The Stanford Digital Repository, from the
early days of its conception, has expected it will offer a range of services–
from bit preservation to format migrations, metadata encoding, and anything
between and beyond given available resources, technology, and know-how.
Levels of Service will be necessary because we anticipate a varied range of
clients with varied needs.
This slide – which I liberally borrowed from Keith Johnson – concisely conveys
our need for more than one (and no doubt more than these two) preservation
workflows.
A Prescriptive workflow for digital content created by the libraries in our
digitization labs, which assumes that we have total control over the quality
and integrity of our own output, and that it is more homogenous is nature and
thus easier to manage, more predictable over time.
We also have need for a reactive workflow, for “real world”, “off the street”
content that we must assume is untamed and heterogeneous in nature.
A reactive workflow translates into repository services for
Stanford Curators who are acquiring:
websites (both snapshots grabbed
from web and entire archives from commercial enterprises)

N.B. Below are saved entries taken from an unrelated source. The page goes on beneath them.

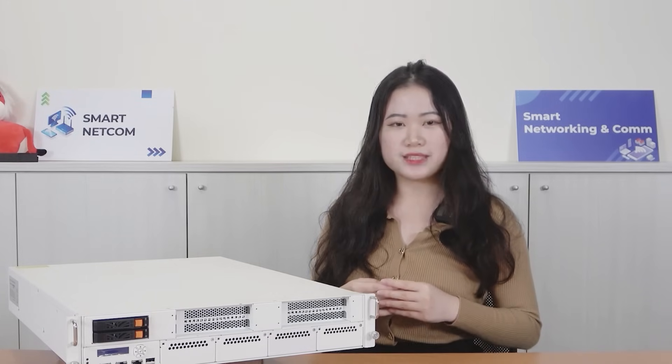We hope you have a better understanding of Erwin and our solution. Feel free to visit our website to learn more about enhancing your cybersecurity defenses. Thank you.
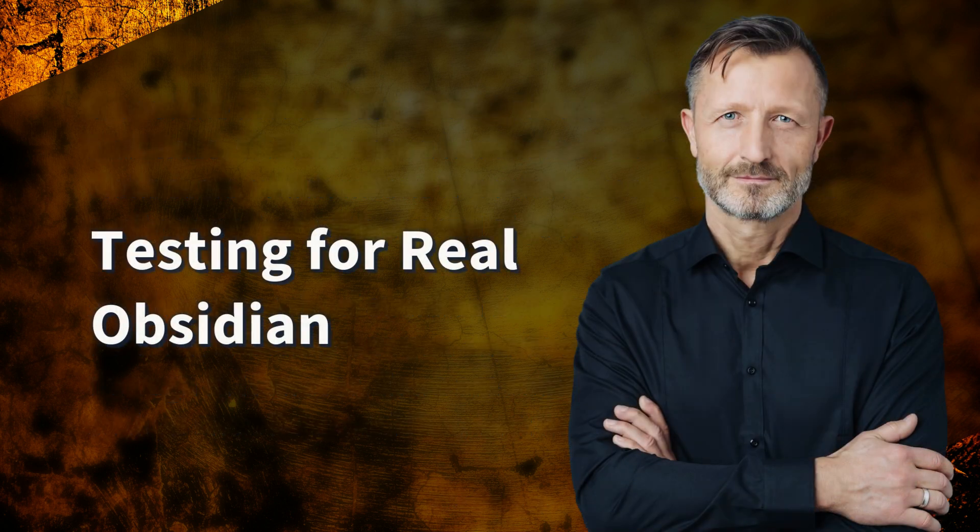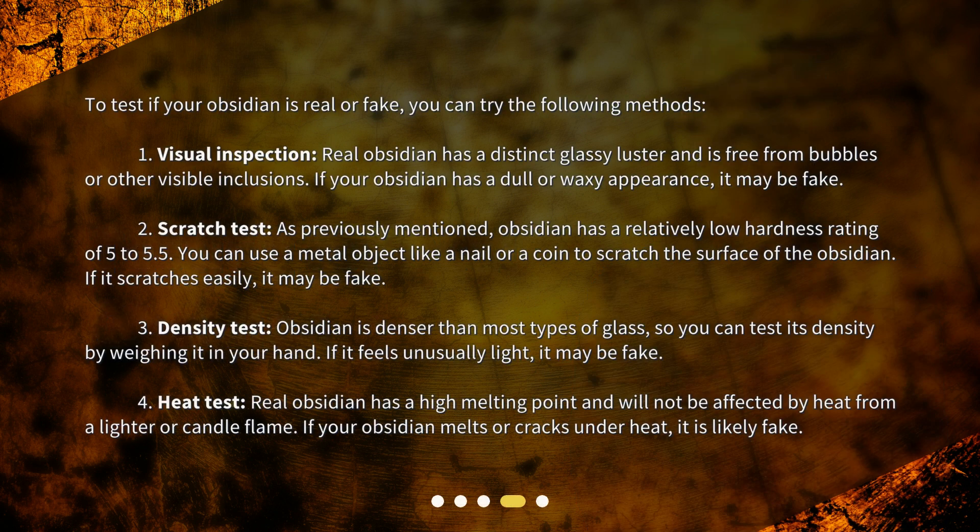Testing for real obsidian: To test if your obsidian is real or fake, you can try the following methods. First, visual inspection — real obsidian has a distinct glassy luster and is free from bubbles or other visible inclusions. If your obsidian has a dull or waxy appearance, it may be fake.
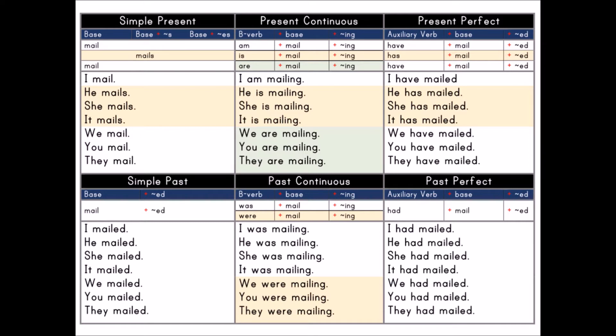I had mailed. He had mailed. She had mailed. It had mailed. We had mailed. You had mailed. They had mailed.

electronic records in the personal papers of prolific poets (email,
business records).
Then there’s the content produced by Stanford’s academic
departments:
just kicking off a Faculty Advisory Board for the SDR to help to develop,
review, and advise on University policy on the preservation of Stanford's
digital assets
And then there is the talk of the possibility of non-Stanford entities
availing themselves of SDR services.